-- Opening Marker --

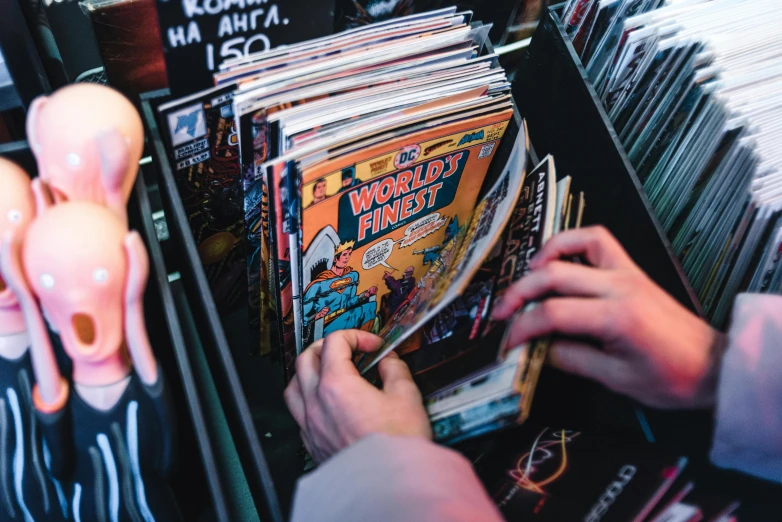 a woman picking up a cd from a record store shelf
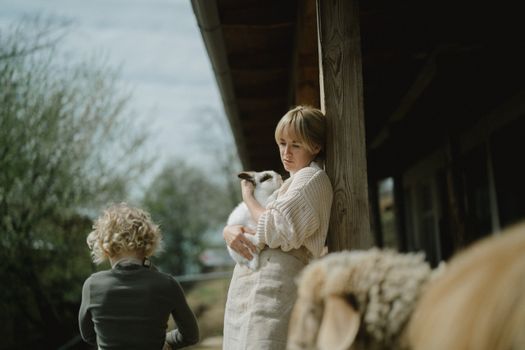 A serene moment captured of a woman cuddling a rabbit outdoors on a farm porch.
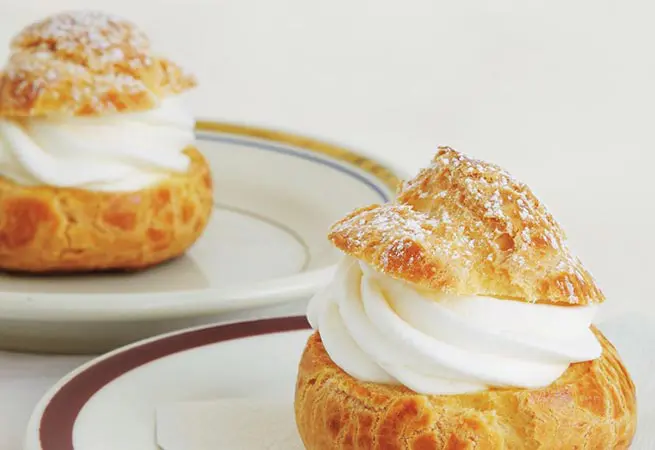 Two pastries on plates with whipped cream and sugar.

-- Closing Marker --
-- Opening Marker --

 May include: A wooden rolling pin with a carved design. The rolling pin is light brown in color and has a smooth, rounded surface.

-- Closing Marker --
-- Opening Marker --

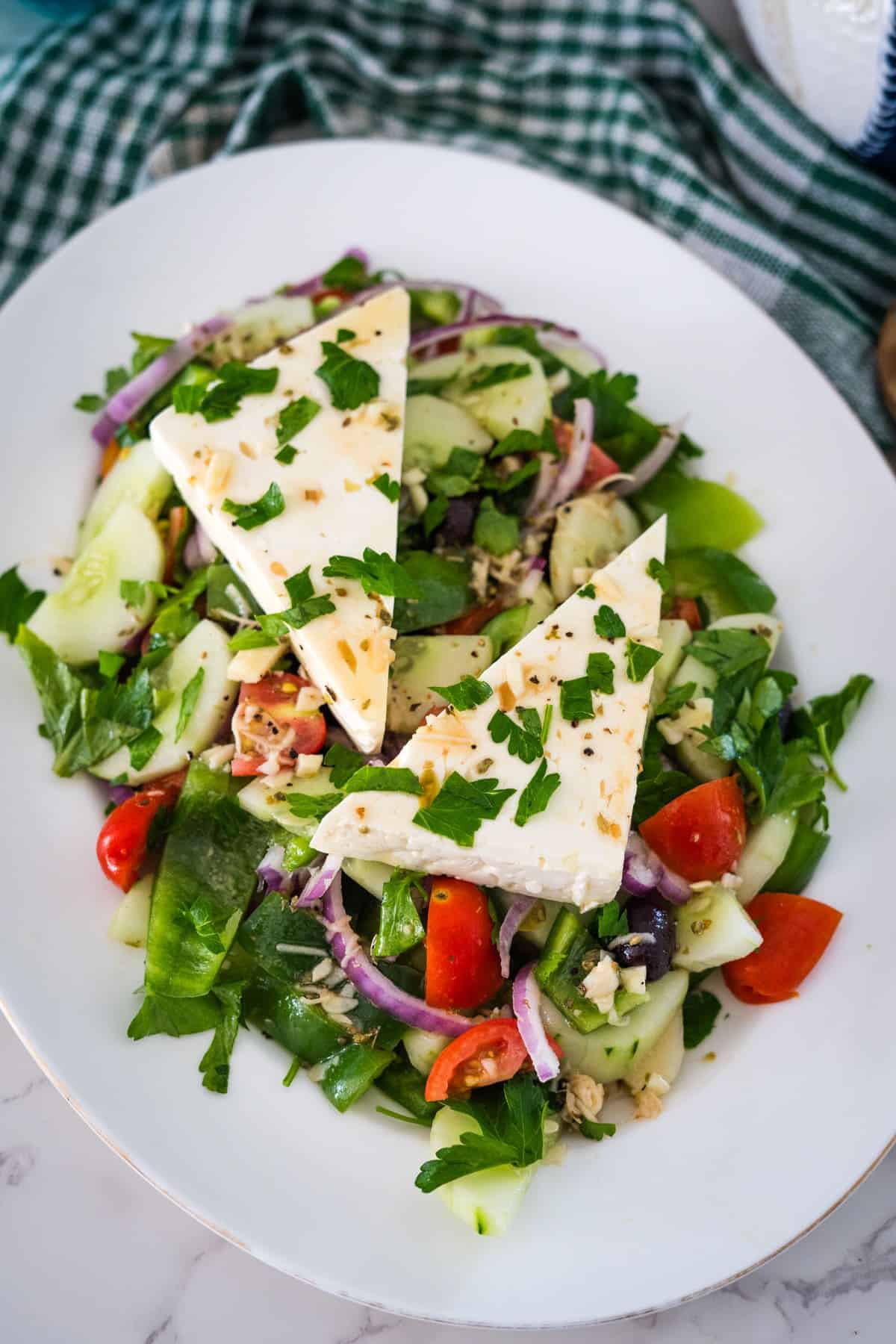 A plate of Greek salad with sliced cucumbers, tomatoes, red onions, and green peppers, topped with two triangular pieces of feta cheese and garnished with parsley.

-- Closing Marker --

Instructions for the task: For this exercise, return exactly the lines above from the line with "a woman picking" through the line with "Two pastries on", both included. Do not copy the pictures.

Result:
 a woman picking up a cd from a record store shelf
 A serene moment captured of a woman cuddling a rabbit outdoors on a farm porch.
 Two pastries on plates with whipped cream and sugar.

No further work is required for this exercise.